ノートの端っこ、ひこうき雲

ひと夏の思い出、には留まらせたくない。

痛みの分割払い

苦手ではないけど進んでやりたくもないことを重ねていくことは、結構心身を蝕んでいくものだと思う。

特段苦手なわけではないから、どうにかやれちゃう気がするし実際やれてしまうのだ。だけどそれをやっている自分を改めて見つめ直したときに、小さな違和感が積もり重なっていく。
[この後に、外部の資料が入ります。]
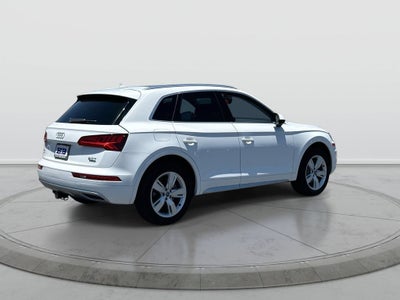 2018 Audi Q5 2.0T Premium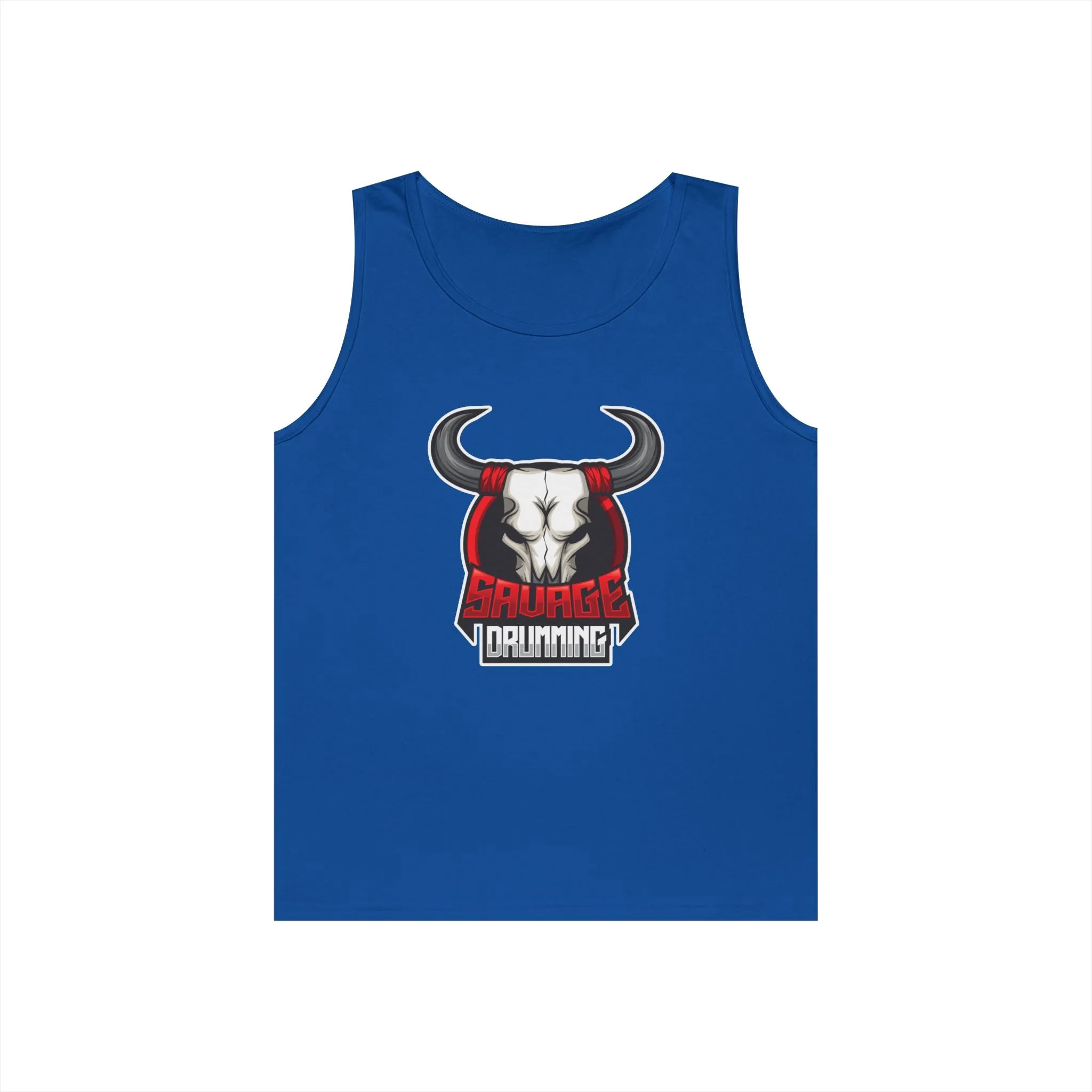 Savage Drumming Tank Top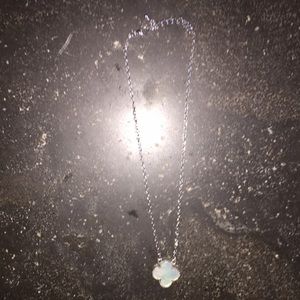 Fake Van Cleef Necklace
じわじわと続く痛みを分割払いして、痛みの小さい一瞬を重ねて過ごしていくのが得意な人は、少しずつ狂っているモノに対して目隠しをしてやり過ごしていくことを重ね、やがて自分自身が追い込まれていることに気付きづらくなってしまう。それはもう幼い頃から、好きでもないことも出来ることが美徳だと思わされてきたからだ。

 

俺で言うと「社交的でいること」が苦手ではないがそんなにやりたいことではない。人脈という言葉を聞くと相変わらずモヤっとしてしまうし、何かの目的が先行して人に会いに行くという行為がどうしても苦手で、初対面の人相手には自ずと社交的にならざるを得ない。そんな無理している自分を知っているから、進んでやりたいとは思わない。
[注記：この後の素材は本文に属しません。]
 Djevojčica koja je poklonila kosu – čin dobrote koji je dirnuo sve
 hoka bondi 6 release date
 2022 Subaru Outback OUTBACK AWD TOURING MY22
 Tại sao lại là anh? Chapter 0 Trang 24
例えば自分から交友関係を広げに行こうとはしないし、4人以上の会話になると進んで話したいとは思わなくなる。なぜ大人数が好きじゃないのだろうと考えると、好きな数字とか文字とかの話を吹っかけづらいからだ。こういった話が好きなのはその人がどんな風に周囲を見つめて考えているのかが分かりやすく見えてくるからである。ちなみに俺は29が好きです。

趣味の話もいいんだけど、趣味の場で出会った人は何となく趣味以外の話をどうやればいいか分からなくなるから難しい。ましてや趣味に関する知識のマウントを取り合うのは本末転倒だ。

 

今までと変わらない毎日を少しずつ積み重ねていくだけでも輝かしくて讃えられるべきものだと思うから、留学だったり面接だったり変化を進んで選んでいく人たちは尚更大変だろうと思うし、その心の強度は凄いと思っている。尊敬している。
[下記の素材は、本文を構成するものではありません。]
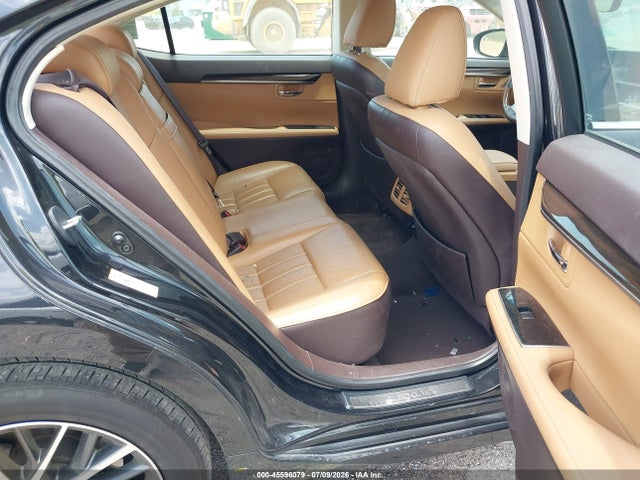 2017 Lexus Es 350 მანქანა იყიდება აუქციონზე, vin: 58ABK1GG7HU065965, აუქციონის ნომერი: 45596079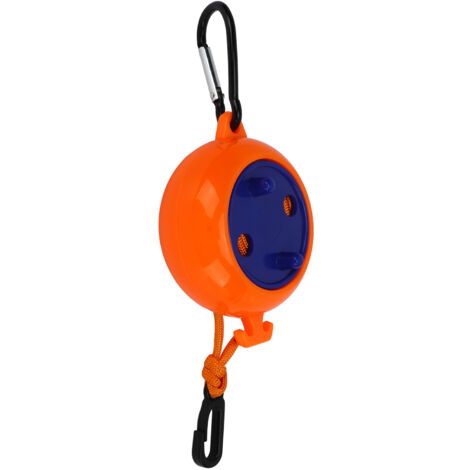Corde à séchage portable antidérapante ABS pour camping, voyage et extérieur (1/5)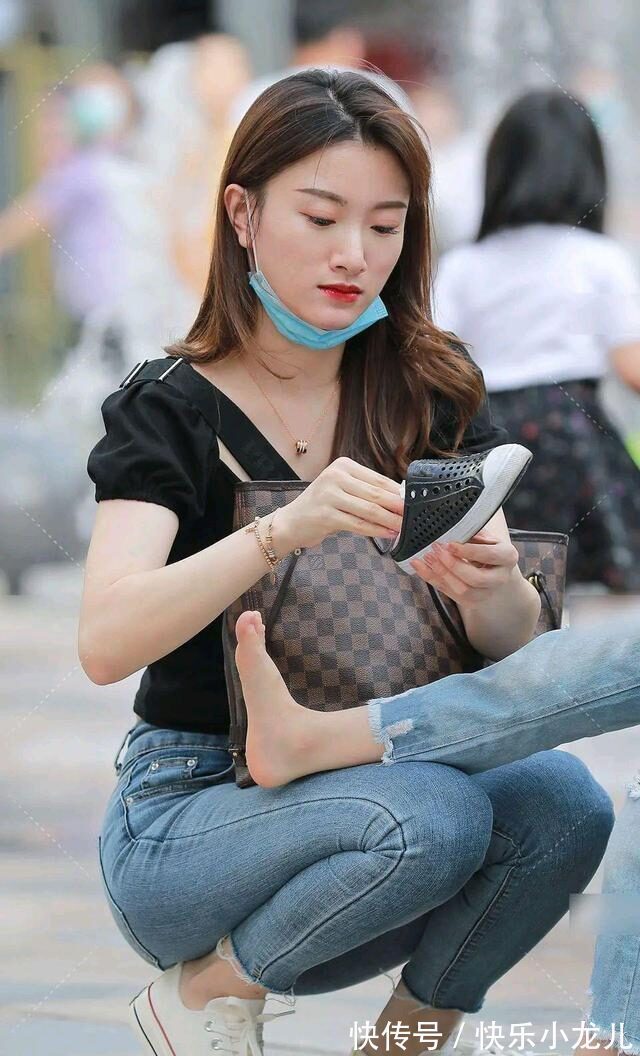 瑜伽裤 丰腴凹凸的瑜伽裤美女,让造型远离俗套感,君子好逑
変化というものは心の強度が必要だから、痛みを感じて当たり前だし、痛みを感じるのは弱いということではない。強い/弱いという尺度は概して強い側が持ち出しているものだ。

その痛いという感覚は、どれだけ細かく切り刻んでも見えなくなるわけではないし、見えなくなるべきものではない。その痛みの感受性こそが、誰かに与えられる優しさと呼べるものの源になっているから。

 

だから、誰かに与える分だけ自分も大切にしてほしいと思う。負けるななんて言わない。ちゃんと逃げられた自分に満点。